Cette guerre pourrait impacter fortement l’aide humanitaire en Afrique. Dans le cas spécifique du Burkina Faso, le nombre de déplacés internes est en forte augmentation depuis le début de l’année. Suffisant pour l’État d’indiquer qu’1,7 million de personnes ont dû quitter leur zone d’habitation en raison de la crise sécuritaire.

Les organisations d’aide aux déplacés sont gagnées par l’inquiétude car, leur nombre augmente de plus en plus. Quasiment 10% de la population au Faso est aujourd’hui déplacée, 80% de ces personnes ont moins de 18 ans. Et les promesses d’aides financières prévues en 2021 sont loin d’être atteintes. Pire, celles de 2022 pourraient être réduites en raison de la guerre en Ukraine.

« Burkina, Mali, Niger, il y avait eu des promesses à la hauteur de 1,7 milliard de dollars et on est bien en deçà, a pointé Marine Olivesi, porte-parole du Conseil norvégien pour les réfugiés au Burkina Faso. Il manque en gros un milliard de dollars, avec la crainte aussi que la crise en Ukraine ne désengage un peu plus encore les bailleurs de fonds. »

Au sein de Médecins du monde, même inquiétude. Certains donateurs ont informé l’organisation que les aides pourraient être réduite de 70% en raison du conflit en Ukraine.

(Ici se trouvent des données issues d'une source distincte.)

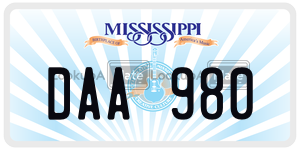 DAA980  license plate in MS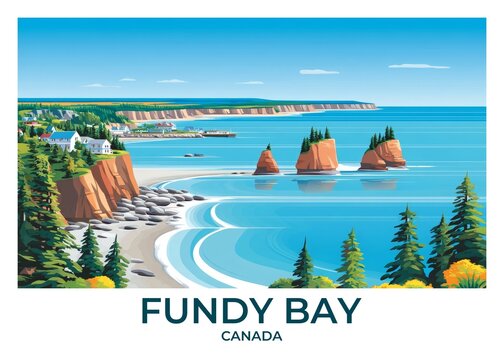 Bay of Fundy, Canada Flat Retro Poster illustration, Landscape Travel Wall Art, Vintage High quality prints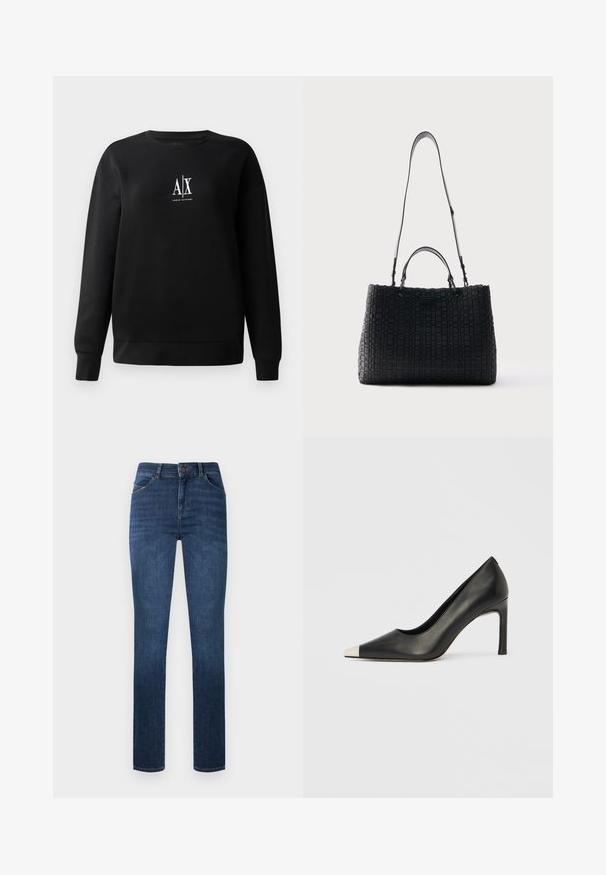 Schwarzer Sweatshirt aus Baumwollmischung mit Rundhalsausschnitt und langen Ärmeln. In der Mitte des Vorderteils befindet sich ein weißes "A|X"-Logo. Glatte Textur.; Dunkelblaue Skinny-Jeans mit hoher Taille, vorderer Knopf- und Reißverschlussschließe, vorderen Taschen und dezenten Used-Effekten.; Schwarzer Lederschuh mit hohem Absatz, spitz zulaufender Zehenpartie und metallischer silberner Spitze. Verfügt über eine glatte Oberfläche und einen schlanken 10 cm hohen Absatz.; Schwarze, gewebte Lederhandtasche mit zwei kurzen Griffen und einem langen, verstellbaren Schultergurt, vor einem schlichten hellen Hintergrund präsentiert.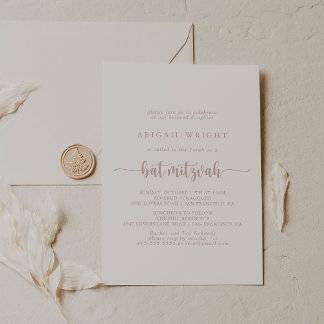 Rose Gold Minimalistische Kalligrafie Bat Mitzvah Einladung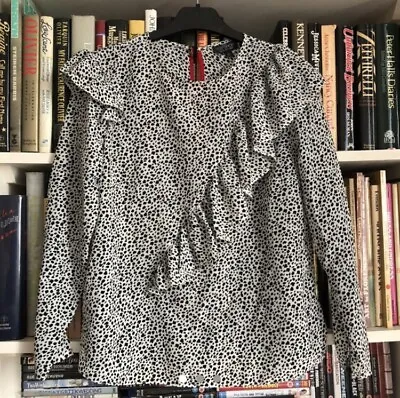 TOPSHOP Dalmation Print Top With Ruffle Detail • £10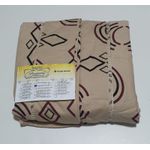 Lençol Malha Queen Estampado Geométrico listrado Preto com fundo Areia elástico com 2 Fronhas 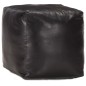 vidaXL Puf negro 40x40x40 cm cuero genuino de cabra vidaXL Puf negro 40x40x40 cm cuero genuino de cabra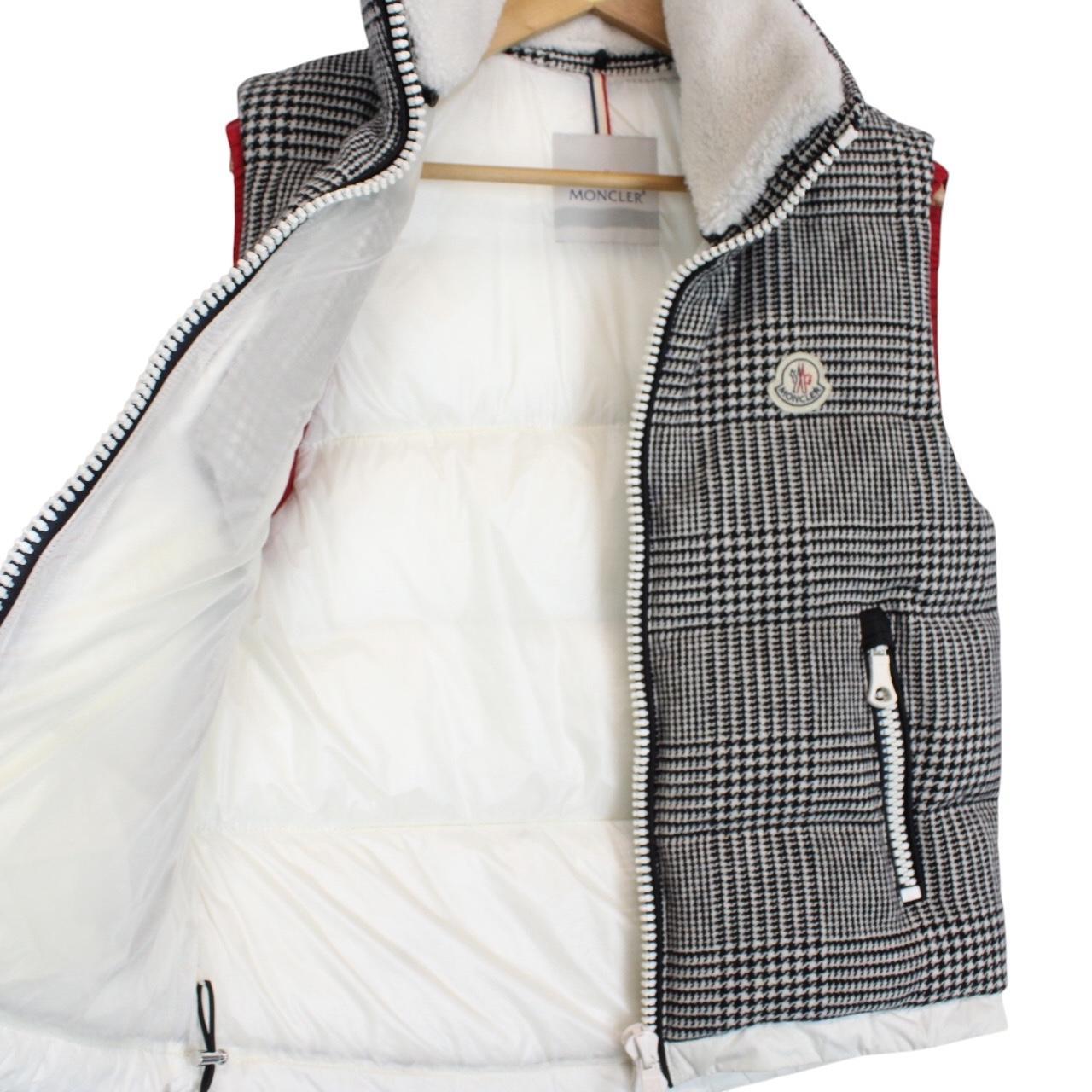 Moncler Black and White Check Jeremie Wool Knit Down Gilet / Bodywarmer Jacket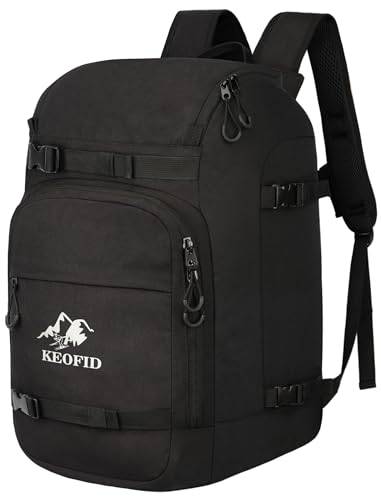 KEOFID Ski Boot Bag for Men and women, 50L ski travel backpack and Snowboard Bag, Waterproof Ski Bag for Goggles, Gloves, Snowboard, Ski Helmet & Accessories(Black)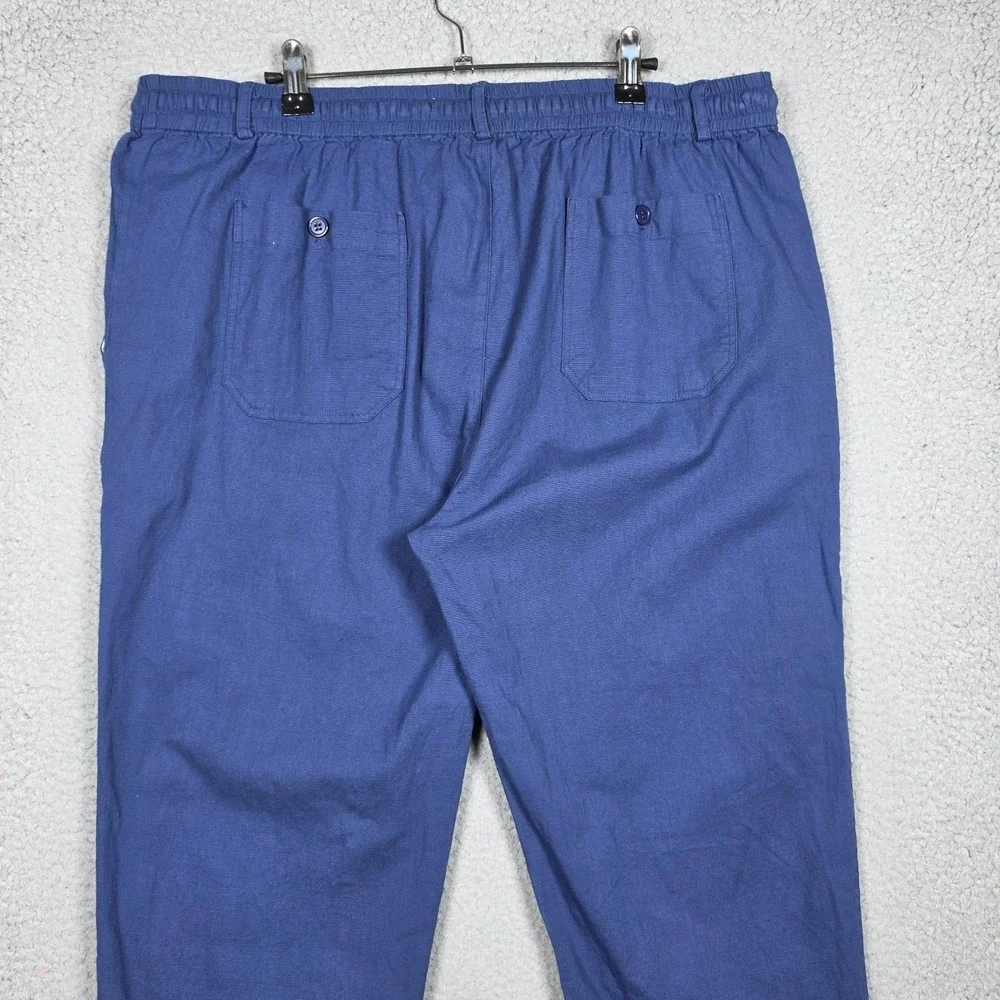 Sailwind Pants Mens Size 38 Royal Blue Linen Blend Stretch Waist Chino Slim Fit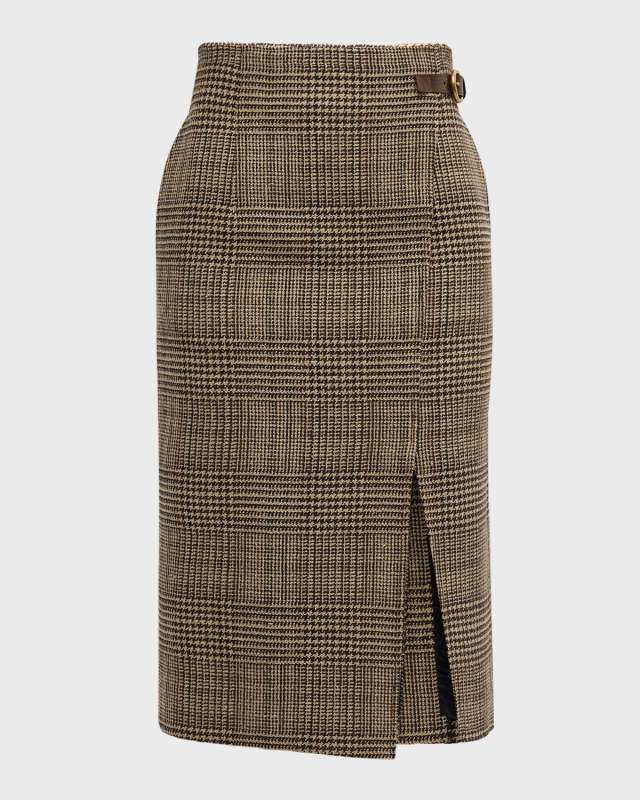Amber Check Wrap Midi Skirt
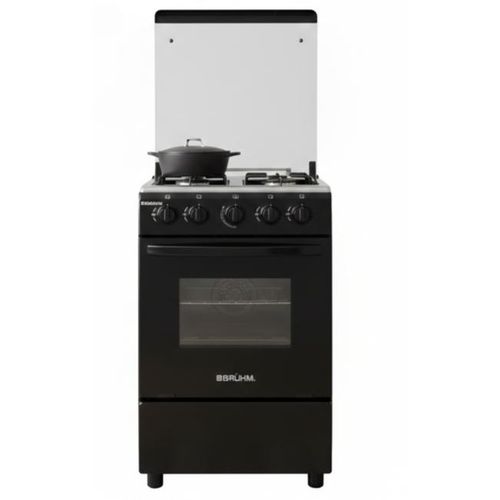 product_image_name-Bruhm-Cuisinière à Gaz 4 Feux - BGC-5540IB– Finition Noir Mat & Inox avec Four Haute Performance-3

« C’est une réelle inquiétude. On a peur que les fonds soient déviés vers l’Ukraine. Les besoins augmentent de façon exponentielle depuis le début de l’année, et il est indispensable que les financements suivent cette évolution dramatique dans le pays », a dit Safia Torche qui dirige l’organisation au Burkina Faso.

L’antenne burkinabè de l’organisation Action contre la faim craint une hausse des prix des céréales, l’Ukraine et la Russie étant d’importants exportateurs vers l’Afrique de l’Ouest, alors que près de 3 millions de Burkinabè sont déjà confrontés à l’insécurité alimentaire.

Le constat que nous faisons dans ce communiqué, c’est surtout celui de promesses de financement qui ne sont pas atteints. Ça se traduit par le fait que certains secteurs de la réponse humanitaire sont extrêmement sous-financés, s’est montrée déçue l’Organisation non gouvernementale.